American rapper Will Smith has released four studio albums, one compilation album, 18 singles (12 as lead artist and five as featured artist), one video album and 20 music videos (14 as lead artist, three as featured artist and three guest appearances). After working in the late 1980s and early 1990s with Jeff Townes as DJ Jazzy Jeff & The Fresh Prince, Smith began his solo career in 1997 with the release of "Men in Black", the theme song for the film of the same name, which topped singles charts in several regions across the world, including the UK. "Men in Black" (and second single "Just Cruisin'") was later included on Smith's debut solo album Big Willie Style, which reached the top ten of the US Billboard 200 and was certified nine times platinum by the Recording Industry Association of America (RIAA). The third single from the album, "Gettin' Jiggy wit It", became Smith's first Billboard Hot 100 number one when it was released in 1998.

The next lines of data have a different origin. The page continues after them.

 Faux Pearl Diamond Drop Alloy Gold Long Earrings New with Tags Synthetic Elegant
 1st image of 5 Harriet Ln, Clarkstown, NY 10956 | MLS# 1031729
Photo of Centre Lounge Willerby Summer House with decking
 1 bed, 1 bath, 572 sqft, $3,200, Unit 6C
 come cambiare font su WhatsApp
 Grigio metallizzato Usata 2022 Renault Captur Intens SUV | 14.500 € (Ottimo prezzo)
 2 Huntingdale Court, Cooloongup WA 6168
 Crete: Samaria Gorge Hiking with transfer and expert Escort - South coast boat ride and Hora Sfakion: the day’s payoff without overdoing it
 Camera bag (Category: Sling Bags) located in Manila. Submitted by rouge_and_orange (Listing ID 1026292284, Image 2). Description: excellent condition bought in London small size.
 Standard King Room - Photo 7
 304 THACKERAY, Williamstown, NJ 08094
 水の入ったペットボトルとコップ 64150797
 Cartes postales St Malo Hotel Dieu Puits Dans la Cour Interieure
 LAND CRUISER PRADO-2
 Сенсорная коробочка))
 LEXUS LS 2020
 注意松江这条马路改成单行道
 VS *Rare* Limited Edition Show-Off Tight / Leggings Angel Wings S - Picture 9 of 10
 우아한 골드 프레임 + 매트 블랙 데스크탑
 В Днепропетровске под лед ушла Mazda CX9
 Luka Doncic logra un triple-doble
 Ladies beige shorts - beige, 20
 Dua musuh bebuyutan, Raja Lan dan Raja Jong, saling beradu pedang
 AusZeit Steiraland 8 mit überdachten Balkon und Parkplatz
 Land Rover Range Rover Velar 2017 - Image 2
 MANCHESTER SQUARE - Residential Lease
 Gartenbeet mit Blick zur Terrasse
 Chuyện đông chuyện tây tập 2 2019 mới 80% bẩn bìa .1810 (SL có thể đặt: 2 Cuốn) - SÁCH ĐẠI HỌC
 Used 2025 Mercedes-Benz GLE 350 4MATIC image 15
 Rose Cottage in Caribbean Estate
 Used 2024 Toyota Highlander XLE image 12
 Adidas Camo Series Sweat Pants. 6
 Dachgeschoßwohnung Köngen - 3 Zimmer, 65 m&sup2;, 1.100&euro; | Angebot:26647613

Smith's second album was again supported by the release of a film theme song as the lead single: "Wild Wild West", featuring Dru Hill and Kool Moe Dee, topped the Billboard Hot 100 and was certified gold by the RIAA. The album in question, Willennium, reached number five on the Billboard 200 and was certified double platinum by the RIAA. "Will 2K", the second single from the album, reached number 25 on the Billboard Hot 100. Before the end of 1999, a video album was released featuring Smith's seven music videos released to date, which reached number 25 on the UK Music Video Chart. The same year, the rapper was also featured on The Fresh Prince of Bel-Air co-star Tatyana Ali's single "Boy You Knock Me Out", which reached number three on the UK Singles Chart and topped the UK R&B Singles Chart.

In 2002, Smith returned with his third album Born to Reign, which reached number 13 on the Billboard 200 and was certified gold by the RIAA. The album's lead single was Men in Black II theme song "Black Suits Comin' (Nod Ya Head)", which reached number three on the UK Singles Chart. Later in the year, Smith's first compilation album Greatest Hits was released, featuring songs from his three solo albums as well as those produced with DJ Jazzy Jeff. Smith's latest album Lost and Found was released in 2005, peaking at number six on the Billboard 200. Lead single "Switch" reached the top ten of both the Billboard Hot 100 and the UK Singles Chart.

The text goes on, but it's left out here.